Restate every record exactly as it is written, while omitting the pictures it holds.
================================
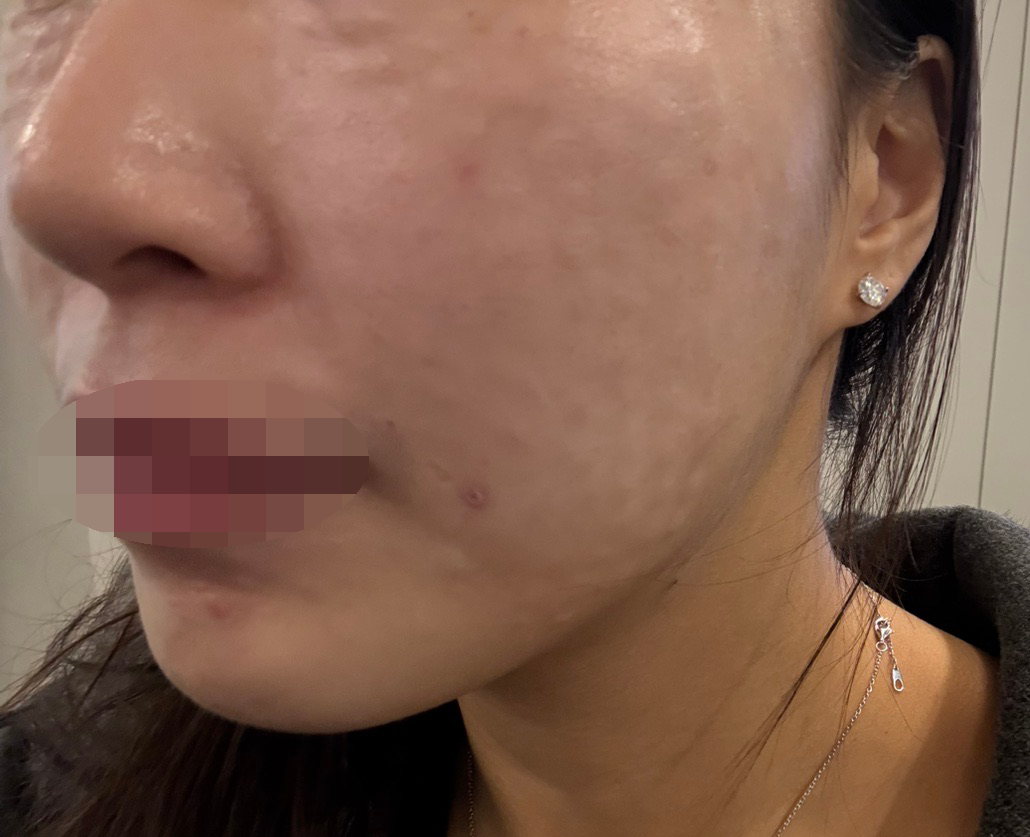 안 아프게 잘 놔주셔서 완전 강추!!
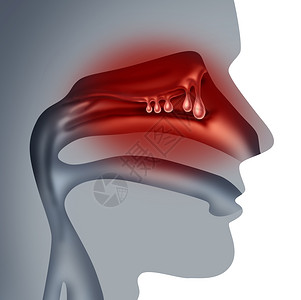 鼻息肉医学种非癌肿胀生长的人类鼻窦充血症状符号三维插图风格背景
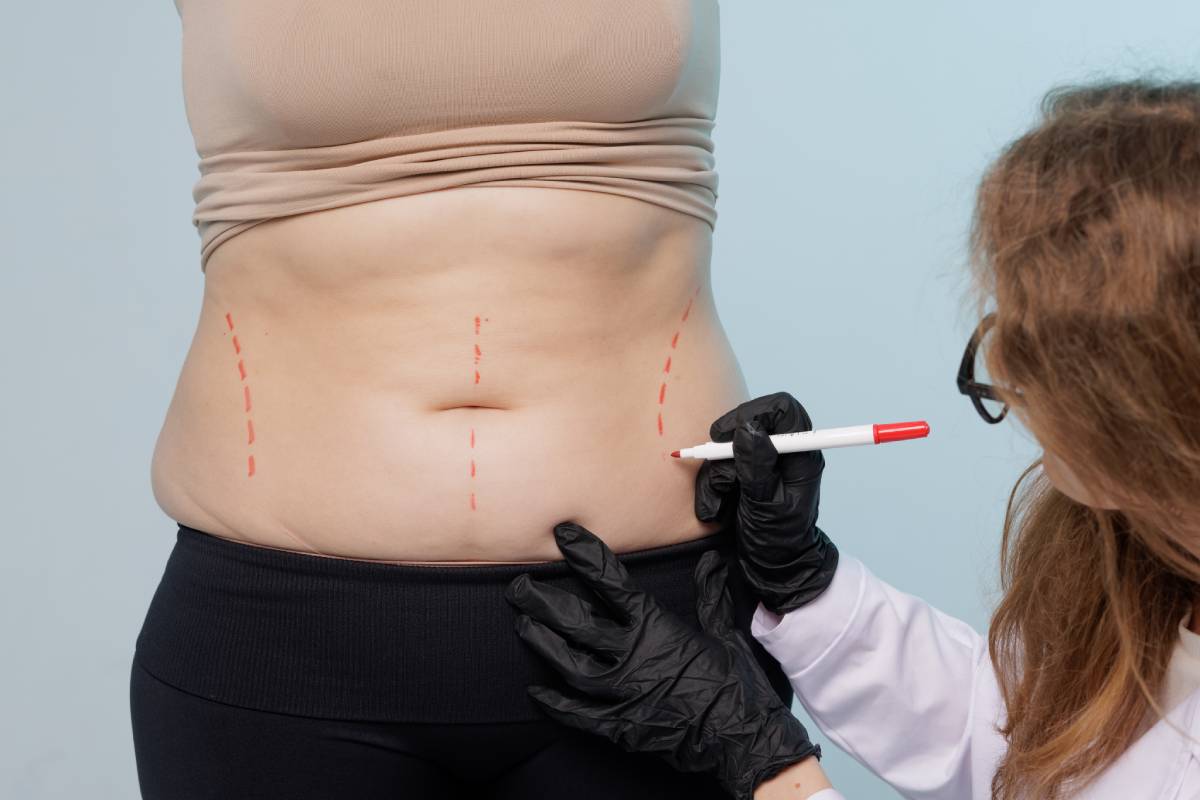 Liposuction Consultation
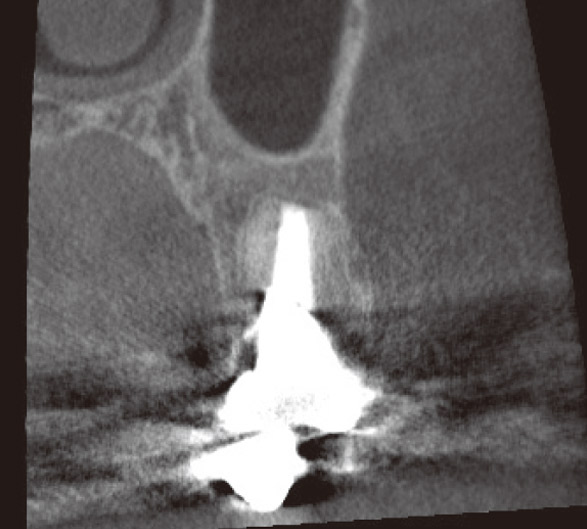 図3 CTによる外科的歯内療法後の25部根尖周囲の状態。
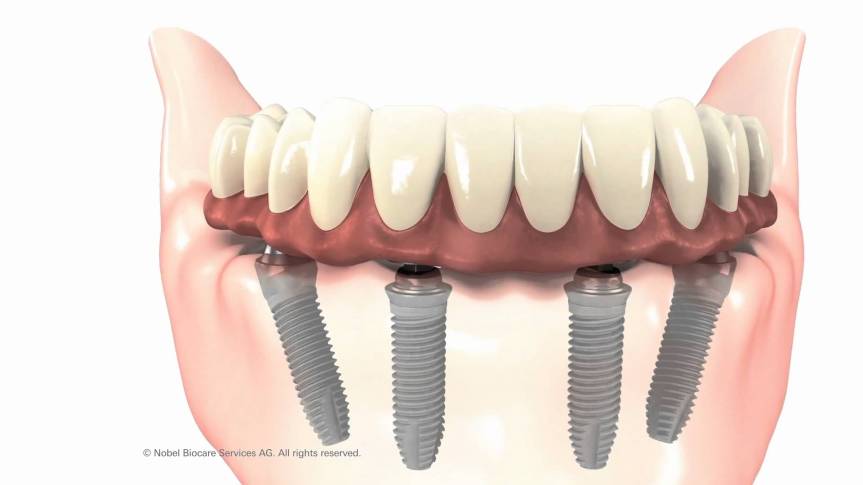 maxresdefault - Implantes Dentários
================================
> [Response to this exercise]:
 안 아프게 잘 놔주셔서 완전 강추!!
 鼻息肉医学种非癌肿胀生长的人类鼻窦充血症状符号三维插图风格背景
 Liposuction Consultation
 図3 CTによる外科的歯内療法後の25部根尖周囲の状態。
 maxresdefault - Implantes Dentários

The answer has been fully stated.